En France, les migrants mineurs non accompagnés sont protégés par l’État. À ce titre, ils bénéficient d’une prise en charge sociale et ne peuvent pas être expulsés. Pour cela il faut d’abord que leur minorité soit reconnue par les services de l’État. Cela passe par une évaluation auprès l'ASE. En revanche, si le jeune est considéré comme majeur, il devra faire une demande classique d’asile ou de carte de séjour.

Dans le cas de ce Guinéen de 47 ans, les policiers qui ont reçu le migrant au commissariat, n’ont pas dirigé cette personne vers l’ASE. Ils ont d’abord vérifié son identité dans un fichier international. Or la date de naissance de celui-ci avait été enregistrée dans un autre pays européen, en Espagne, où il avait demandé un visa avec ce qu’il a présenté comme étant son passeport. Il est désormais sous le coup d’une expulsion en France.

>> À lire sur InfoMigrants : Quatre départements testent le "fichage" des mineurs isolés étrangers

Des peines de prison de plusieurs mois

D’autres migrants adultes, qui s’étaient fait passer pour des mineurs en utilisant de faux papiers d’identité, ont été poursuivis en justice. "Si le département [chargé de la protection des mineurs] porte plainte, ils risquent plusieurs mois de prison, l’envoi dans un CRA, l’expulsion et parfois le remboursement de l’intégralité de la prise en charge qui peut aller jusqu’à des dizaines de milliers d’euros", explique Violaine Husson de la Cimade.

À Montpellier, dans l’Hérault, le département a déposé une vingtaine de plaintes pour escroquerie et fraude sociale entre janvier et avril 2018, et 29 plaintes l’année précédente.

L’an dernier, avec l’aide de la police ivoirienne, la police aux frontières du Languedoc a démantelé une filière, soupçonnée d’avoir fourni de faux documents à de jeunes Ivoiriens, candidats à l’immigration.
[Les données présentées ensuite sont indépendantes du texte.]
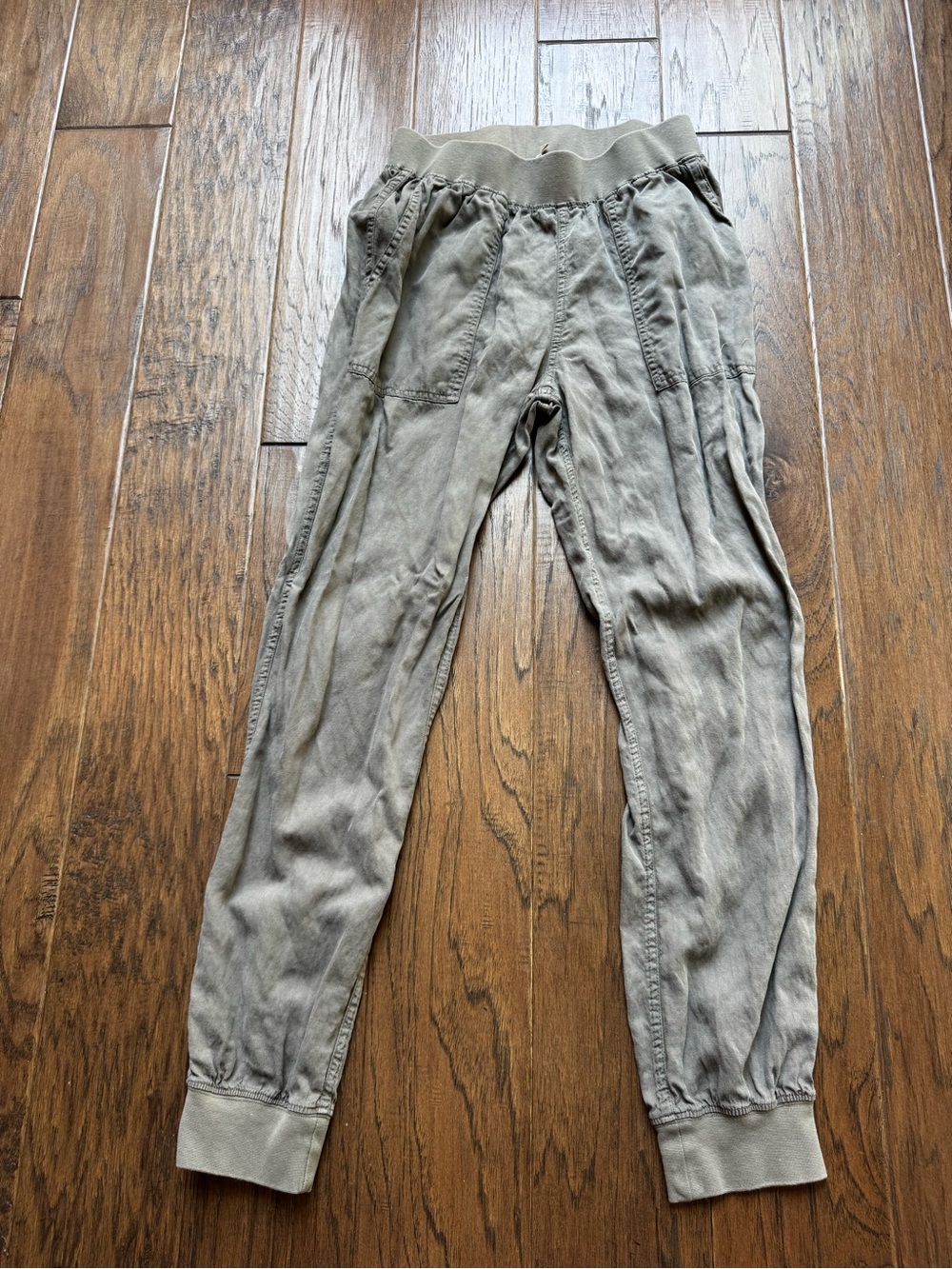Faherty Olive Green Pull-On Cropped Jogger Pants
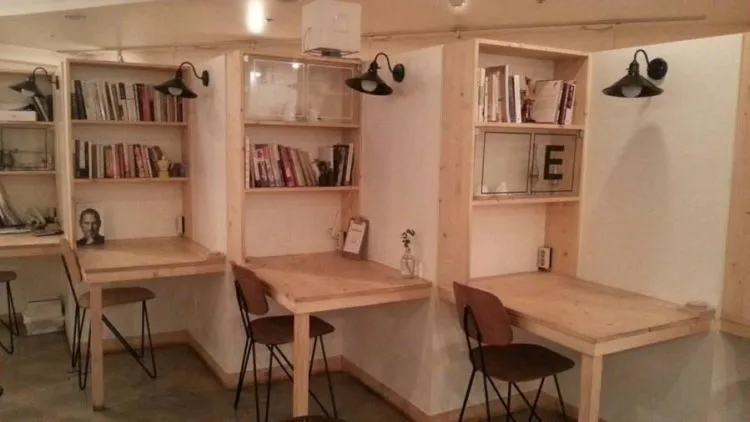 10 Tempat Unik Didesain Khusus untuk Mereka yang Suka Kemana-Mana Sendiri 12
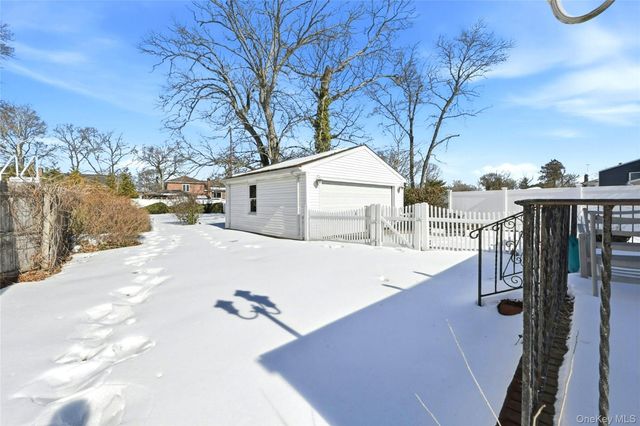 197 Foxhurst Road, Oceanside, NY 11572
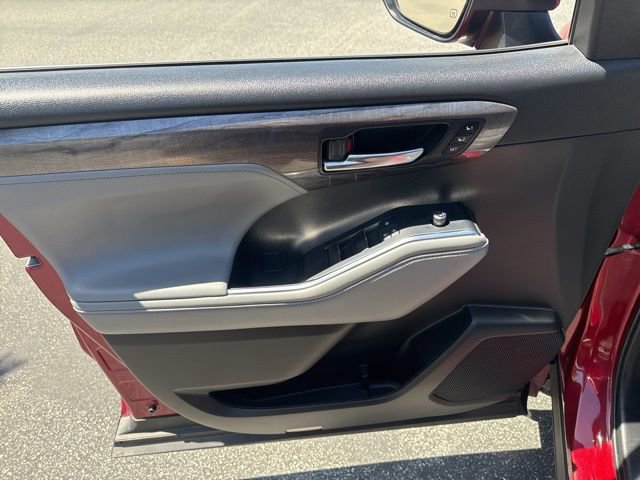Used 2022 Toyota Highlander Limited AWD/4WD image 18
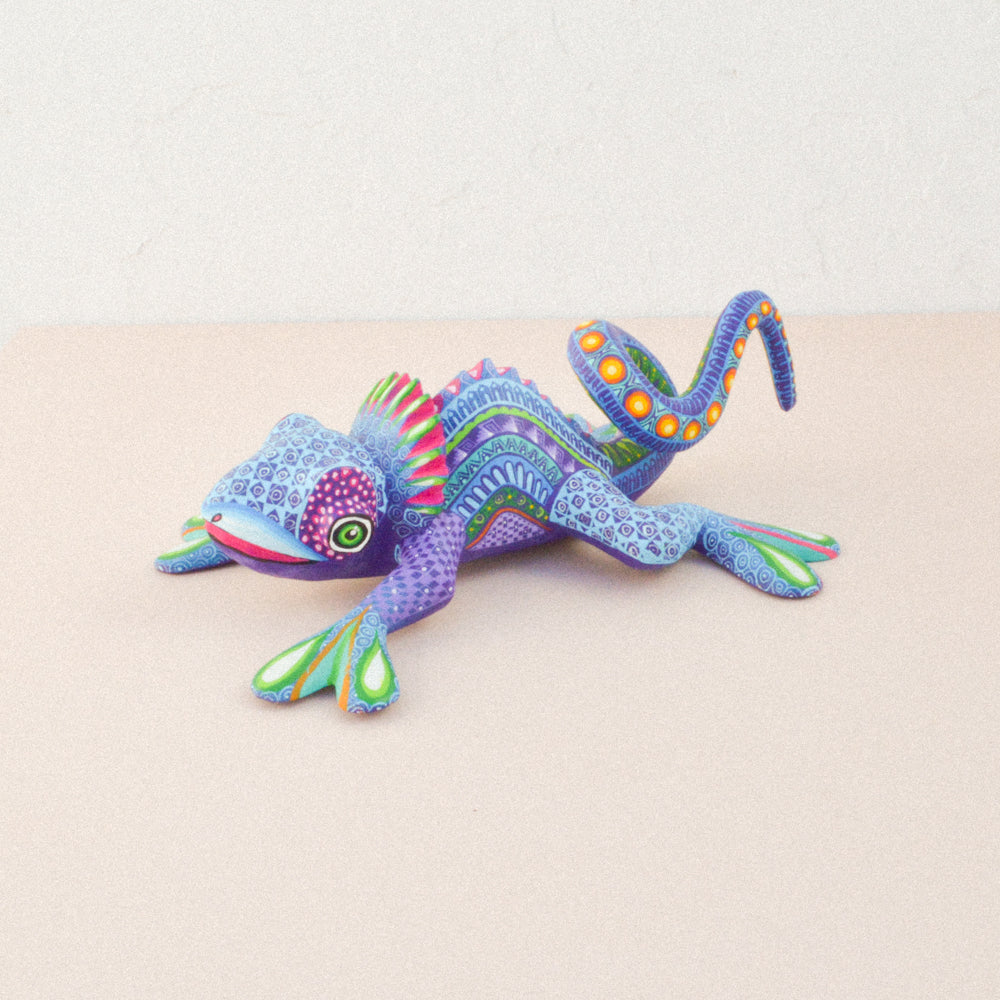 Chamaleon Alebrije Wood Carving - magiamexica.com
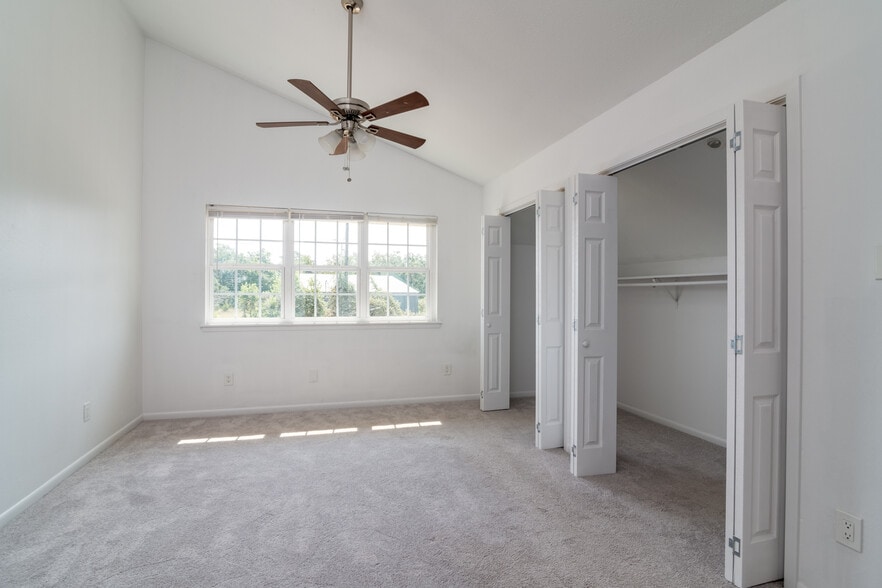 Upstairs Master Bedroom - 200 Butler Ranch Rd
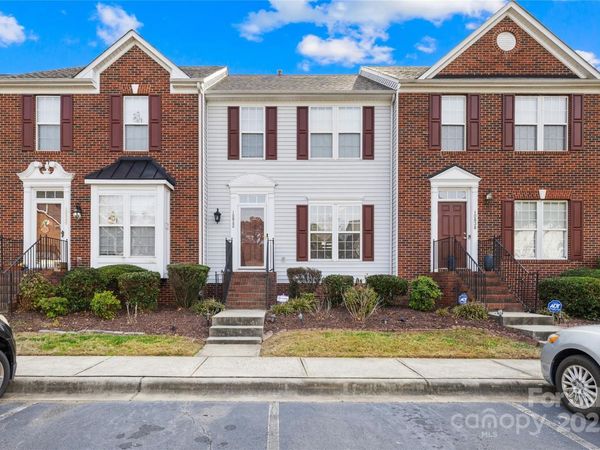 10842 Garden Oaks Lane, Charlotte, NC 28273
Un faussaire et un agent de mairie ont été arrêtés en Côte d’Ivoire. Les autorités françaises avaient été alertées par des documents d’identité ivoiriens portant tous "le même numéro". Puis les migrants soupçonnés de fraude, ont subi des examens médicaux prouvant leur majorité.

Le phénomène reste toutefois minoritaire. On compte seulement 27 poursuites judiciaires pour escroquerie et fraude sociale en 2018 pour une population de 285 migrants mineurs bénéficiant de la protection de la part du département de l’Hérault.
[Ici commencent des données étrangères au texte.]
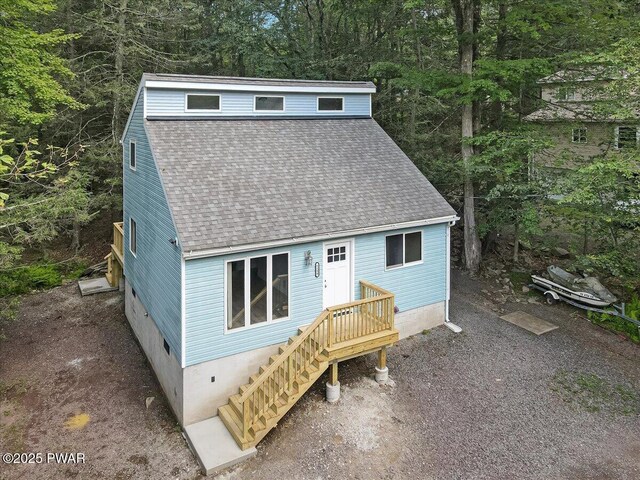 1180 Wallenpaupack Dr, Lake Ariel, PA 18436 - view of front facade featuring roof with shingles and crawl space
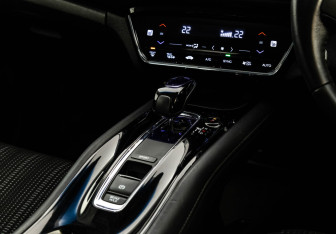 Подержанный автомобиль Honda Vezel 2014 года (12 фото)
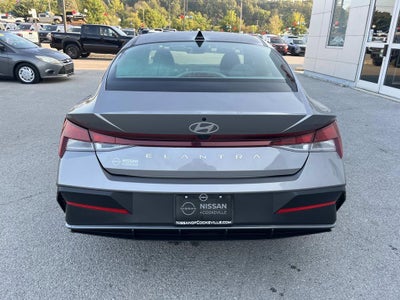 2024 Hyundai Elantra SEL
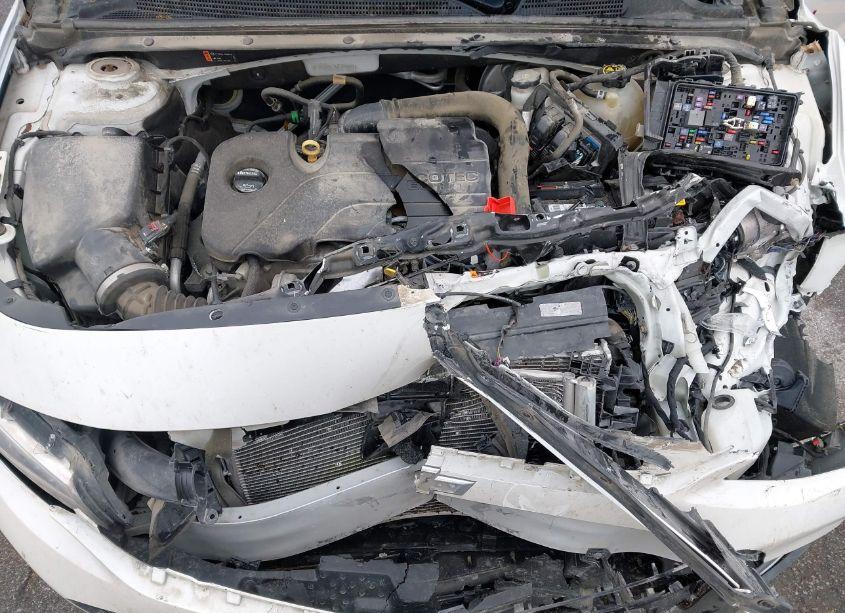 Photo 10 of 2018 Chevrolet Malibu LT (VIN 1G1ZD5ST9JF219398)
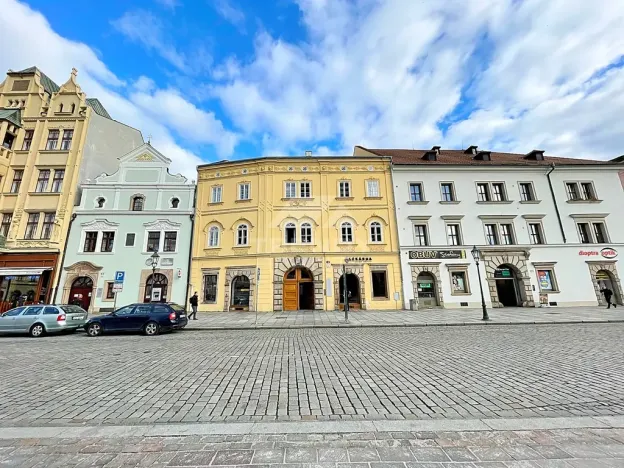 Pronájem obchodního prostoru, Plzeň, náměstí Republiky, 121 m2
>> À lire sur InfoMigrants : Mineurs isolés : tout savoir sur votre prise en charge à votre arrivée en France

Des mineurs avec des faux-papiers … d’adultes

Ce qui est puni le plus sévèrement est le fait d’utiliser de faux documents d’identité à l’appui du mensonge, souligne Violaine Husson. "Des mineurs en sont aussi les victimes", affirme-t-elle. "Ils voyagent parfois avec de faux documents ou des passeports d’emprunts, sans le savoir ou parce qu’ils n’ont pas le choix pour quitter des situations complexes".

La Cimade a pu observer de nombreux cas, où les mineurs possédaient de faux documents d’adultes. À Lyon, un juge des enfants s’est récemment prononcé en faveur de la minorité d’un jeune, pendant que celui-ci était incarcéré en prison avec des adultes pour avoir utilisé de faux-documents.